# 22.1 Double/Debiased Machine Learning Intuition

**Chapter**: 22 - Debiased/Double Machine Learning  
**Section**: 1 - The Core Intuition  
**Facure Source**: 22-Debiased-Orthogonal-Machine-Learning.ipynb  
**Version**: 1.0.0  
**Last Validated**: 2026-01-09

---

## Table of Contents

1. [Facure's Intuition](#1-facures-intuition)
   - 1.1 [The Regularization Bias Problem](#11-the-regularization-bias-problem)
   - 1.2 [The FWL Connection](#12-the-fwl-connection)
2. [Formal Treatment](#2-formal-treatment)
   - 2.1 [The Partially Linear Model](#21-the-partially-linear-model)
   - 2.2 [Why Naive ML Fails](#22-why-naive-ml-fails)
   - 2.3 [The Double/Debiased Idea](#23-the-doubledebiased-idea)
3. [Numeric Demonstration](#3-numeric-demonstration)
   - 3.1 [Ice Cream Sales Data](#31-ice-cream-sales-data)
   - 3.2 [Naive ML vs DML](#32-naive-ml-vs-dml)
4. [Implementation](#4-implementation)
5. [Interview Appendix](#5-interview-appendix)
6. [References](#6-references)

---

In [None]:
# Standard imports via common module
import sys
sys.path.insert(0, '../..')

from facure_augment.common import (
    np, pd, plt, sm, smf,
    load_facure_data,
    set_notebook_style,
    ols_summary_table,
    create_tufte_figure,
    TUFTE_PALETTE,
)
from sklearn.ensemble import GradientBoostingRegressor
from sklearn.model_selection import cross_val_predict

set_notebook_style()

---

## 1. Facure's Intuition

> **Interview Relevance**: DML bridges ML and causal inference—a hot topic at tech companies.
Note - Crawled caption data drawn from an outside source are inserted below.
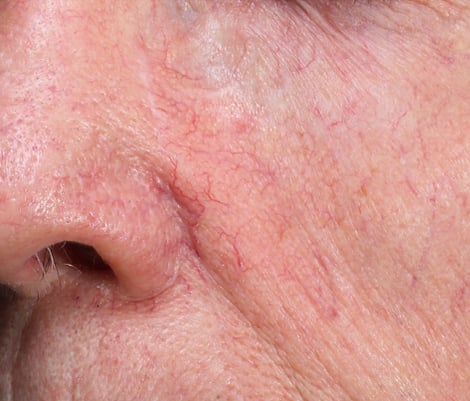 After one treatment &mdash; capillaries cleared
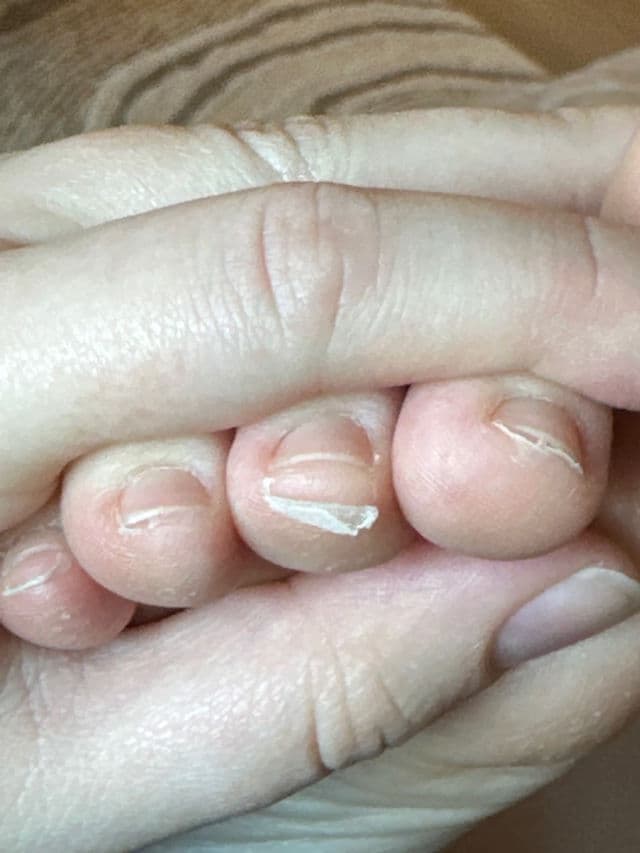 Baby Foot Exfoliation Foot Peel review photo by mormor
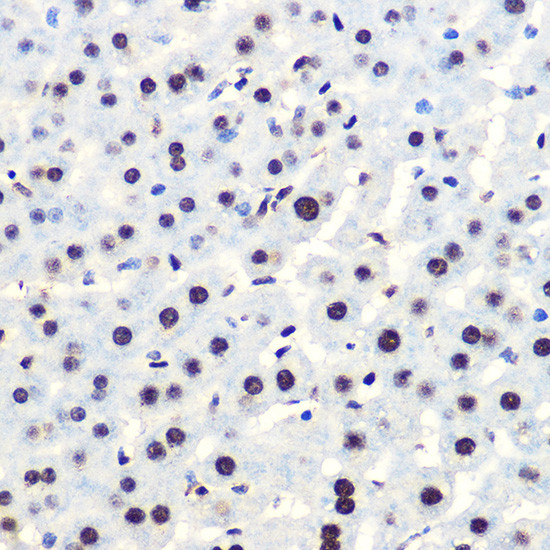 Phospho-IkB alpha (Ser36) Antibody in Immunohistochemistry (Paraffin) (IHC (P))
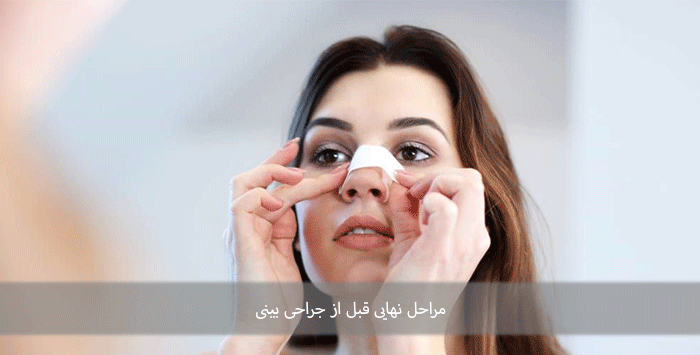 مراحل نهایی قبل از جراحی بینی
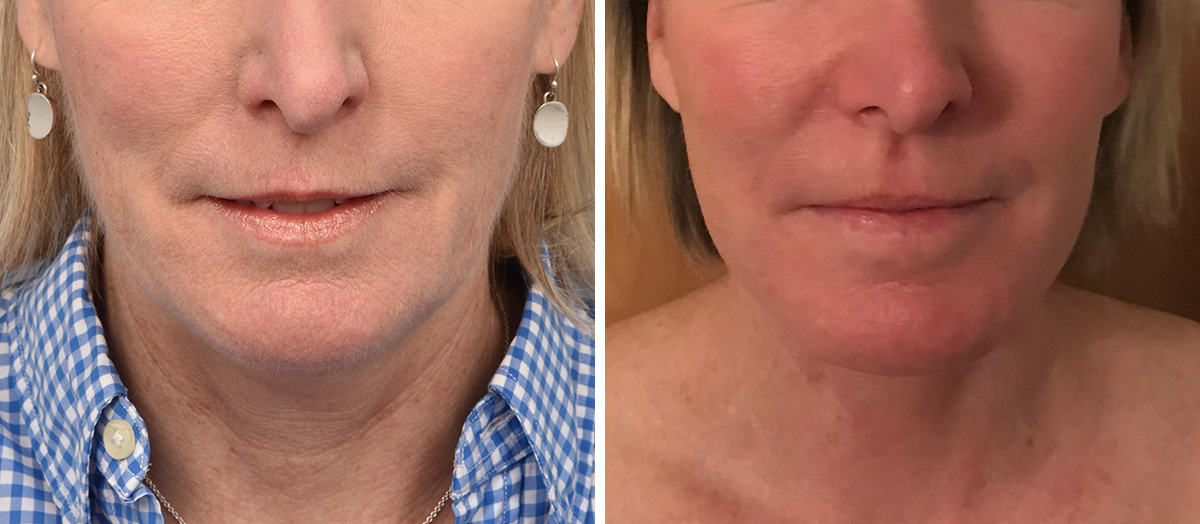 Neck Lift Before & After Gallery - Patient 125015 - Image 3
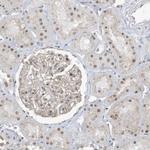 DBR1 Antibody in Immunohistochemistry (IHC)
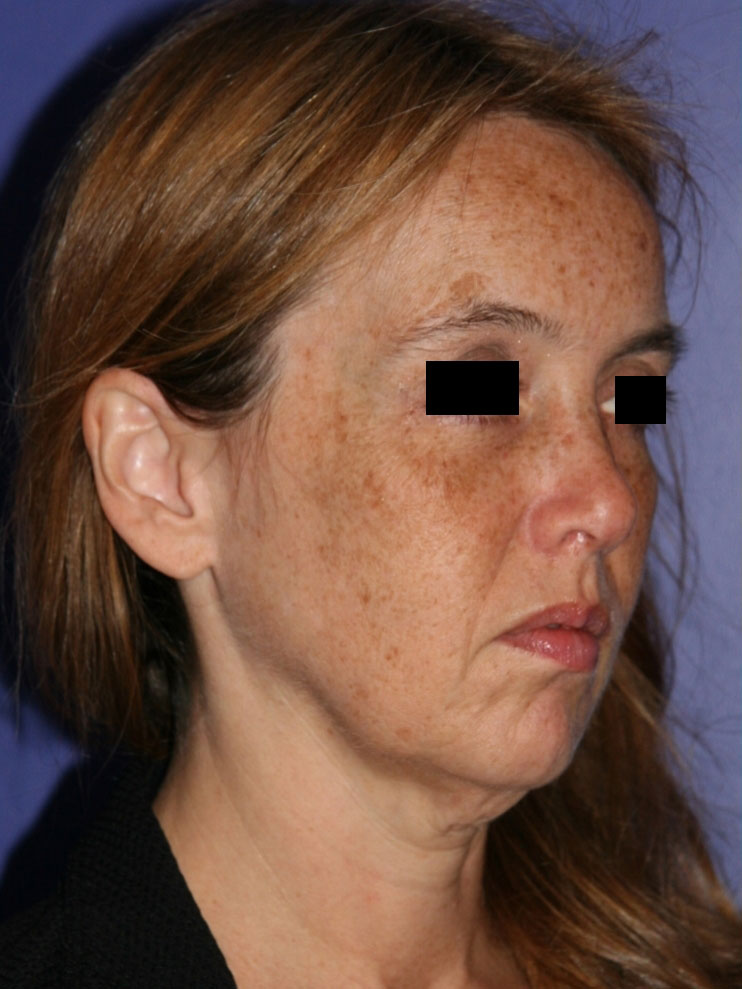 Facelift Before and After Photos San Francisco 342020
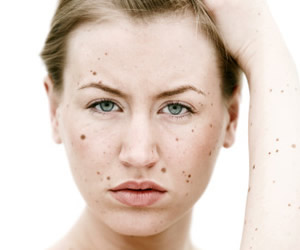 родинки на теле значение фото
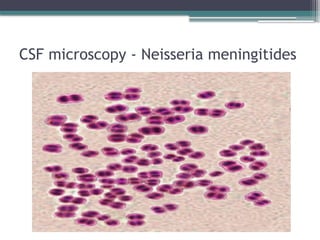 CSF microscopy - Neisseria meningitides
 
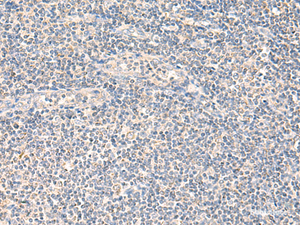 Immunohistochemistry of paraffin-embedded Human tonsil tissue using NEGR1 Polyclonal Antibody at dilution of 1:90 (×200)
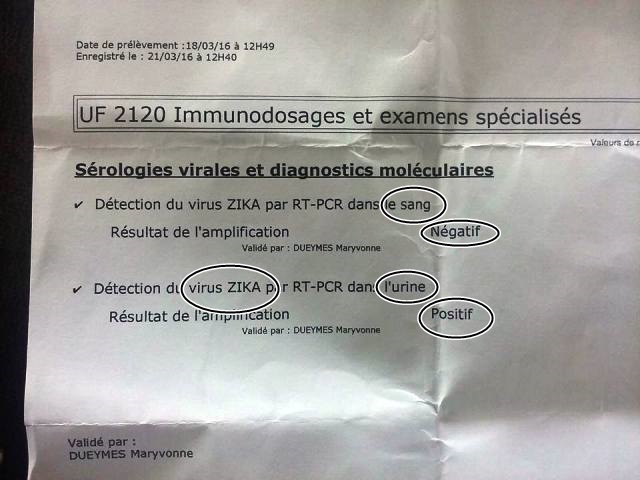 EXCLUSIVO: “Nunca saí de Oiapoque”, diz 1ª paciente com zika no AP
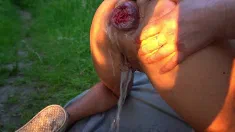 Thumbnail of Extreme Anal Outdoor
Understanding why naive ML fails and how orthogonalization fixes it shows deep understanding of both fields.

### 1.1 The Regularization Bias Problem

Facure's key observation: **Machine learning models with regularization introduce bias in causal estimates.**

**The problem**:
- We want to estimate $\theta$ in: $Y = \theta T + g(X) + \varepsilon$
- We use ML to estimate $g(X)$ (confounding function)
- ML with regularization (Ridge, Lasso, Trees) biases $\hat{g}(X)$
- This bias "leaks" into our estimate of $\theta$!

**Why regularization helps prediction but hurts causal inference**:
- Regularization shrinks coefficients toward zero → better out-of-sample prediction
- But shrinkage = bias → biased nuisance estimation
- Biased nuisance → biased treatment effect

### 1.2 The FWL Connection

Recall the **Frisch-Waugh-Lovell theorem** (Chapter 5):

To estimate $\theta$ in $Y = \theta T + \beta X + \varepsilon$:
1. Regress $Y$ on $X$, get residuals $\tilde{Y}$
2. Regress $T$ on $X$, get residuals $\tilde{T}$
3. Regress $\tilde{Y}$ on $\tilde{T}$ → coefficient = $\theta$

**DML insight**: Replace OLS residualization with ML residualization!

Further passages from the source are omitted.